● **What is expected**:
Search the records for "Table" and copy each line that holds it.

● **Listed records**:
· · · ·

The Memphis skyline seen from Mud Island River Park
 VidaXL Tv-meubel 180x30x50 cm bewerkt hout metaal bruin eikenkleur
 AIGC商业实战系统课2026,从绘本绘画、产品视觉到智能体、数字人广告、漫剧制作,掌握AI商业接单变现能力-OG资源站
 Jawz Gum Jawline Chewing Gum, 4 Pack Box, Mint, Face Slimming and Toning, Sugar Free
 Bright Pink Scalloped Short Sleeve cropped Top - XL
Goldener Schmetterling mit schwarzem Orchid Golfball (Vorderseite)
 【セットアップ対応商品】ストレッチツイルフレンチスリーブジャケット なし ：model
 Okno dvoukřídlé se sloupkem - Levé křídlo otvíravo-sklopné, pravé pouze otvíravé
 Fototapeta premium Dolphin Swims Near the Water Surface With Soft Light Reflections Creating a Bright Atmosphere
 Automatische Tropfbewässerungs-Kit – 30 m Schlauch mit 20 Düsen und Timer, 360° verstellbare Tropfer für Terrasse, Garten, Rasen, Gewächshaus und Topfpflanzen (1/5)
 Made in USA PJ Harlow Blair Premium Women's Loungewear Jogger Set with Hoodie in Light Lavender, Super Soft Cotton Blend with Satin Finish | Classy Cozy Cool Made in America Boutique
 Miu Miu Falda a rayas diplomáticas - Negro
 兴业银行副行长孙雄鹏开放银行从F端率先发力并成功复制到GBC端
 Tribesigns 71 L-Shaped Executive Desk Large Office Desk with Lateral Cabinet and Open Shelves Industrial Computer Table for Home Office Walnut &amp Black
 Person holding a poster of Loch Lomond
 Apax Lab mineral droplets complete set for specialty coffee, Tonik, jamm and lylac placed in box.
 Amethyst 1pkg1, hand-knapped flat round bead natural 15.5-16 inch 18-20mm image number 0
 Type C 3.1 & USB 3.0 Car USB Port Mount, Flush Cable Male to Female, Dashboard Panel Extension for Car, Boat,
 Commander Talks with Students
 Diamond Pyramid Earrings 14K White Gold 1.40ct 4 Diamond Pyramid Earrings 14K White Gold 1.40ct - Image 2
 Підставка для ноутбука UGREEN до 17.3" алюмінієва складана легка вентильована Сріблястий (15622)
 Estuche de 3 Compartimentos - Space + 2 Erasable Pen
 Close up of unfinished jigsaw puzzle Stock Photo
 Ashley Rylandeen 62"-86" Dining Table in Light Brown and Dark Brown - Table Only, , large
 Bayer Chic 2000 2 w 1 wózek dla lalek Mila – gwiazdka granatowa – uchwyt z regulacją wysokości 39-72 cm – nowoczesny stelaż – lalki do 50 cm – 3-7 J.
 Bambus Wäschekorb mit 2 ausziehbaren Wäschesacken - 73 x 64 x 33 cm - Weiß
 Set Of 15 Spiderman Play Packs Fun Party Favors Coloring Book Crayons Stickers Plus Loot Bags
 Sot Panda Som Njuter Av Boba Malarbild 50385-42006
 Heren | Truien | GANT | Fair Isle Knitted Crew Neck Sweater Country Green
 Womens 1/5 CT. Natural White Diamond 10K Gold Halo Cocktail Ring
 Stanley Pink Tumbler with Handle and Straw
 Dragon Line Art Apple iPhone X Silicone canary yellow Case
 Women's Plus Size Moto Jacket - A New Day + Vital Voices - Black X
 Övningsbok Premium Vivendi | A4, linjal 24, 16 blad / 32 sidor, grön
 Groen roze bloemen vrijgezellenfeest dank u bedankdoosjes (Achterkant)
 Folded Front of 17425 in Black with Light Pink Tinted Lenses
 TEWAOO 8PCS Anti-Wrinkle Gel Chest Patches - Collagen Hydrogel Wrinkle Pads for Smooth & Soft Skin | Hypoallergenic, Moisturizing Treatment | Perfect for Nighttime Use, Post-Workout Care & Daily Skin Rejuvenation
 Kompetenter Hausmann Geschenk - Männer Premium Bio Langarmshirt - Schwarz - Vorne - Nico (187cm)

· · · ·

● **Answer space**:
 Tribesigns 71 L-Shaped Executive Desk Large Office Desk with Lateral Cabinet and Open Shelves Industrial Computer Table for Home Office Walnut &amp Black
 Ashley Rylandeen 62"-86" Dining Table in Light Brown and Dark Brown - Table Only, , large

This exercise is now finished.